Em uma jogada inteligente, Silveira escolheu versões muito bem cuidadas de músicas não compostas pela dobradinha Roberto & Erasmo, como “Nossa Canção”, com Vanessa da Mata, e “Como Vai Você”, na voz de seu autor Antônio Marcos (conhecido por “O Homem de Nazareth” e por ser o primeiro marido da cantora Vanusa). Os melhores momentos do longa-metragem, porém, acontecem quando a voz de Roberto Carlos Braga irrompe pelos alto-falantes da sala de cinema, cantando “Outra Vez” e a linda “O Portão”.

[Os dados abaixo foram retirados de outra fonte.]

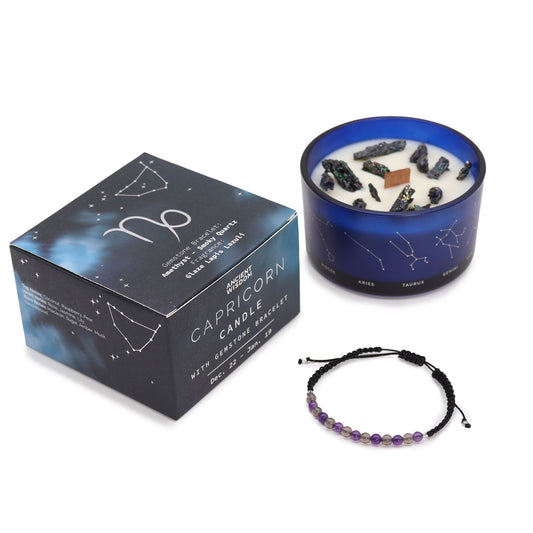Zodiac Crystal Candle Capricorn with Gemstone Bracelet is beautifully presented in a midnight blue glass jar adorned with silver-embossed star sign constellations.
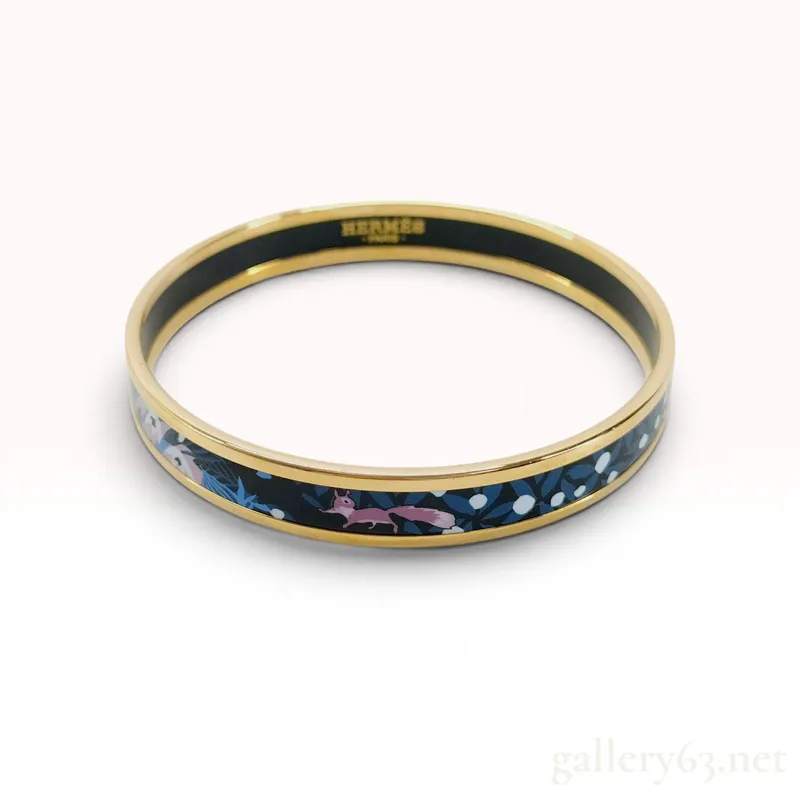 Hermes Gold Plated Enamel Bangle Bracelet in Dans Un Jardin Anglais Pattern from auction in Atlanta, Georgia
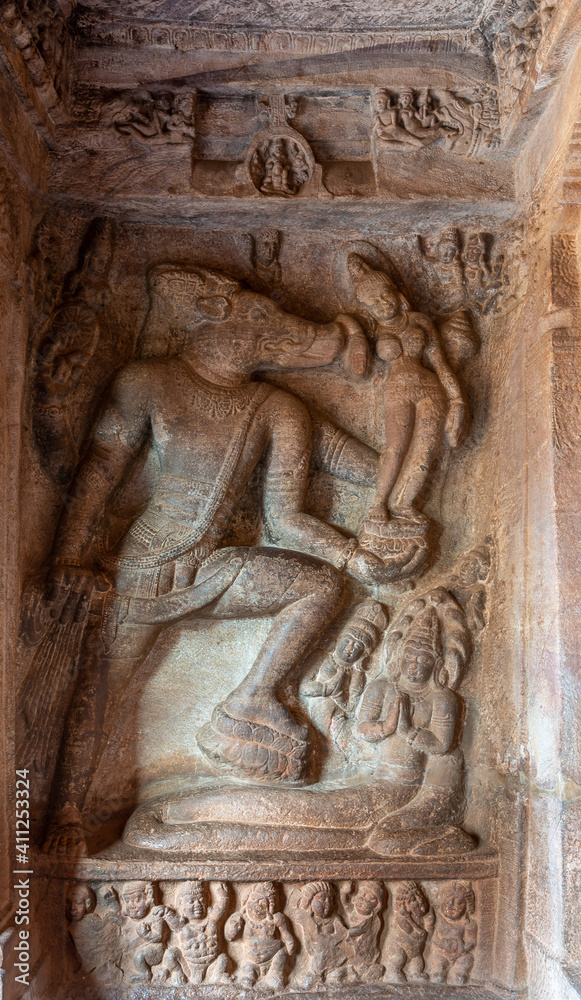 Badami, Karnataka, India - November 7, 2013: Cave temples above Agasthya Lake. Brown stone sculpture featuring Vishnu as Varaha rescuing Earth as Bhudevi.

Talvez o melhor jeito de entender “À Beira do Caminho” é pensá-lo como um filme à imagem e semelhança das melhores canções de Roberto Carlos. Ao ouvi-las, você sabe que não está sendo apresentado a algo revolucionário, muito pelo contrário. As letras, as melodias, os arranjos, quase tudo nessas músicas é baseado em clichês e obviedades. Entretanto, a voz de Roberto, as letras, as melodias, os arranjos, quase tudo ali é muito sincero (e romântico), de maneira que basta apenas uma fresta aberta no coração para se deixar emocionar, nas curvas das estradas de todo o Brasil.
Eu, que adoro o Crowe, por toda pieguice que ele acumula nas canções que gosto de "ver" em seus filmes, acho que entendi agora, com o seu post, o motivo pelo qual saí adorando "À Beira do Caminho" mesmo sem curtir tanto Roberto Carlos!